**ACTION ITEM**
Send back all of the records, each one exactly as written.

**DATA FOR PROCESSING**

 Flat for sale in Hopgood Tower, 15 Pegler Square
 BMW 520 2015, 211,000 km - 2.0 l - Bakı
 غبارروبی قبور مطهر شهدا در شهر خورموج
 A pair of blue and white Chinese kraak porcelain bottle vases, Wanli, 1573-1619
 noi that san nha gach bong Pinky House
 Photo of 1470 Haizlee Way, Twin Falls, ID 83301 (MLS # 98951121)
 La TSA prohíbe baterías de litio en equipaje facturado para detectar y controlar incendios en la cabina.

**WRITTEN ANSWER**
 Flat for sale in Hopgood Tower, 15 Pegler Square
 BMW 520 2015, 211,000 km - 2.0 l - Bakı
 غبارروبی قبور مطهر شهدا در شهر خورموج
 A pair of blue and white Chinese kraak porcelain bottle vases, Wanli, 1573-1619
 noi that san nha gach bong Pinky House
 Photo of 1470 Haizlee Way, Twin Falls, ID 83301 (MLS # 98951121)
 La TSA prohíbe baterías de litio en equipaje facturado para detectar y controlar incendios en la cabina.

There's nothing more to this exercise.